### Prompt
Restate word for word the entries below, starting with the line with "Dishwasher in the" and continuing through the line with "Nahaufnahme der Boxer". Include both of those lines and no others.

-- Information provided follows --

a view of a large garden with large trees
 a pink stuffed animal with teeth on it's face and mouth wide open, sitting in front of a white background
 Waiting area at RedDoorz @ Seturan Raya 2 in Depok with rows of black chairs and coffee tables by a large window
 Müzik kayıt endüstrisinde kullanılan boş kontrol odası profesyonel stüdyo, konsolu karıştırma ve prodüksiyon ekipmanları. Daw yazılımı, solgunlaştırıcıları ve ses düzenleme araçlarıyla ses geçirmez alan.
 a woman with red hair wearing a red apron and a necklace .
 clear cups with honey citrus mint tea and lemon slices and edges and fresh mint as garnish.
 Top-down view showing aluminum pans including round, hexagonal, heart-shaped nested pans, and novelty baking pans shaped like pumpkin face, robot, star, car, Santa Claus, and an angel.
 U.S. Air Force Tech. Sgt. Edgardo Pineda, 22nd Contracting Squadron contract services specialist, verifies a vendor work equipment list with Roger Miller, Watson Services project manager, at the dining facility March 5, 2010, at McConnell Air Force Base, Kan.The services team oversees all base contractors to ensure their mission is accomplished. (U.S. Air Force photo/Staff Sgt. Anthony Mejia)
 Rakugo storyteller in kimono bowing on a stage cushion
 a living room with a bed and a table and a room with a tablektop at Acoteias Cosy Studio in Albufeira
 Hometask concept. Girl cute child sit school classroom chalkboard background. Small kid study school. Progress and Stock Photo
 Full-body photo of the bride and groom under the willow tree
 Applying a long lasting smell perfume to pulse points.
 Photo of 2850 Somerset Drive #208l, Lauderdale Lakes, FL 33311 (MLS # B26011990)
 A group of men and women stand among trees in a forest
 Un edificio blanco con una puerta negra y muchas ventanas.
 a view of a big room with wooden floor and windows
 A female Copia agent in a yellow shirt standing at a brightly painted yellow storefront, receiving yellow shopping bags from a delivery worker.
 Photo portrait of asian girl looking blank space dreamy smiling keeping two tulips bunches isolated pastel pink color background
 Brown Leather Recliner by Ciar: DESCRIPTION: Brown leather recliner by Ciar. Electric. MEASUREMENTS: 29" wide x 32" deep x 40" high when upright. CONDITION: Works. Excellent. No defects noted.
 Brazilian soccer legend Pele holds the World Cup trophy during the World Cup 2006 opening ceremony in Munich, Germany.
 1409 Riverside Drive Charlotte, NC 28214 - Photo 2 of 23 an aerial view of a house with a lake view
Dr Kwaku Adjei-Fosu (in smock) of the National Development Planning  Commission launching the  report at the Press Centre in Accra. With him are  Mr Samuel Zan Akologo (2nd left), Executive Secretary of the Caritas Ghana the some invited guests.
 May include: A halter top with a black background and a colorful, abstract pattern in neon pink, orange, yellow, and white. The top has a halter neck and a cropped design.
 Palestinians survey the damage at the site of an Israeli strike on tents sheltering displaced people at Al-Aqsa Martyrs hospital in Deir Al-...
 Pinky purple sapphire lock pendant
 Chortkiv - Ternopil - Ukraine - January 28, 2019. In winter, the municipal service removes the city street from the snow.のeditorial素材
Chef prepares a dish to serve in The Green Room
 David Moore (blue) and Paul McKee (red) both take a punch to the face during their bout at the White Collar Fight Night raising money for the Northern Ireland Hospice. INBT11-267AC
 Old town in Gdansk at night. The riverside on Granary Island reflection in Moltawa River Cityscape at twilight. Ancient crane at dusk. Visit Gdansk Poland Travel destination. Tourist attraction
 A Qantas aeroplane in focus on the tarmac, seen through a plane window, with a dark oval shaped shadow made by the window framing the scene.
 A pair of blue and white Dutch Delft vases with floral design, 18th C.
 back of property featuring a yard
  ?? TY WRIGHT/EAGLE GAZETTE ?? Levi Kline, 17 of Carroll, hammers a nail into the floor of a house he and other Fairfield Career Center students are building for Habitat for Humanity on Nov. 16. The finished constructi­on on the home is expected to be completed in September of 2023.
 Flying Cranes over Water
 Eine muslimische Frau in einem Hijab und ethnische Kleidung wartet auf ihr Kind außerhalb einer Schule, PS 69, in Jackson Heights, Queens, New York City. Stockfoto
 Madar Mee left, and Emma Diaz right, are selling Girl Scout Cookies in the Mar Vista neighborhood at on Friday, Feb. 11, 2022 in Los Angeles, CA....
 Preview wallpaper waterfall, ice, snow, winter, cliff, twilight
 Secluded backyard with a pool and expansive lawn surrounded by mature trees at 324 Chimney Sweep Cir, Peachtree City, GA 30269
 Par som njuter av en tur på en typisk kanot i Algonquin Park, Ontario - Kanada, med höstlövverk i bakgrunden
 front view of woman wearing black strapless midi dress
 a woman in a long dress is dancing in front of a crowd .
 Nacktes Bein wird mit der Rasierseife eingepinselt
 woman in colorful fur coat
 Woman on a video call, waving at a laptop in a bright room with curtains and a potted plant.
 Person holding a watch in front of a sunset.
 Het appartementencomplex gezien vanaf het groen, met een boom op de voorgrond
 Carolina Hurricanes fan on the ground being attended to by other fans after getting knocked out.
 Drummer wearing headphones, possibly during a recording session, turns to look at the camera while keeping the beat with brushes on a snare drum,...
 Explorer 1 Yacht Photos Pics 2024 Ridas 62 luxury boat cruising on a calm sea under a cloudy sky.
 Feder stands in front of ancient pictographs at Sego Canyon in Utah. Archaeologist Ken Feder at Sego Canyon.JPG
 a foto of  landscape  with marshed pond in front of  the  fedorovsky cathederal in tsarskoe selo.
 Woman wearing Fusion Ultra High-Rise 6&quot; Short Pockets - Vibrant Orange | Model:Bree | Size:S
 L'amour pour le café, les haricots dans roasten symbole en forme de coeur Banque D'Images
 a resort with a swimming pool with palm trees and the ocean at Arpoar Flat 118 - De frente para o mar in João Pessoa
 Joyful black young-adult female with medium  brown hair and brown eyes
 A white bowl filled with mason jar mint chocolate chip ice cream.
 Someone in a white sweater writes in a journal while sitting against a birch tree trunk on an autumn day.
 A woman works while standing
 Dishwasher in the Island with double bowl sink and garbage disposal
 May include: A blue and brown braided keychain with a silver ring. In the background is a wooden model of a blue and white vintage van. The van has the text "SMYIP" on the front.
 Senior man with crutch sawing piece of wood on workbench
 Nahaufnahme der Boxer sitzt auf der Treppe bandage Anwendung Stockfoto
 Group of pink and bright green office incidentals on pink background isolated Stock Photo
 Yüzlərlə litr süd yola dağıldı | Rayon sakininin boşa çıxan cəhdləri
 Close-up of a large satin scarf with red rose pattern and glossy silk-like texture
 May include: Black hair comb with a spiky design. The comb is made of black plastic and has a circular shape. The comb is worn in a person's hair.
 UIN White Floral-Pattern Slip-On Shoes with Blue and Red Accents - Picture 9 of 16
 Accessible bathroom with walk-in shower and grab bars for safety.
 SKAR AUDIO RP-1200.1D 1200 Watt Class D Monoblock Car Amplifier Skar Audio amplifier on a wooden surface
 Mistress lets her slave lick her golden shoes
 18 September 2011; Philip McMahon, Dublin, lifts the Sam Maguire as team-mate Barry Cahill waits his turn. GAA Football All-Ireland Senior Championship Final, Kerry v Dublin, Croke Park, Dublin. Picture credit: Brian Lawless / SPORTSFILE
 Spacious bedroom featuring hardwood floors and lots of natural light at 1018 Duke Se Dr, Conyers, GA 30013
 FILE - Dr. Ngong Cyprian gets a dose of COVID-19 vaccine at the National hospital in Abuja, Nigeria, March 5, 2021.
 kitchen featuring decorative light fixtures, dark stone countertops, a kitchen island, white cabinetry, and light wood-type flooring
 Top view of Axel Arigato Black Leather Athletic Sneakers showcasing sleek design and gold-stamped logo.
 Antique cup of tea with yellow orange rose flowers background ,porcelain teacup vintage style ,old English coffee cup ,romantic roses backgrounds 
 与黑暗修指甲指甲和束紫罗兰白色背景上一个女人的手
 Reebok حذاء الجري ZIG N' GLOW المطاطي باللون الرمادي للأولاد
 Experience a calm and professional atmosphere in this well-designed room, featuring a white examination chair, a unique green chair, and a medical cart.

-- Information provided concluded --

### Answer to the exercise
 Dishwasher in the Island with double bowl sink and garbage disposal
 May include: A blue and brown braided keychain with a silver ring. In the background is a wooden model of a blue and white vintage van. The van has the text "SMYIP" on the front.
 Senior man with crutch sawing piece of wood on workbench
 Nahaufnahme der Boxer sitzt auf der Treppe bandage Anwendung Stockfoto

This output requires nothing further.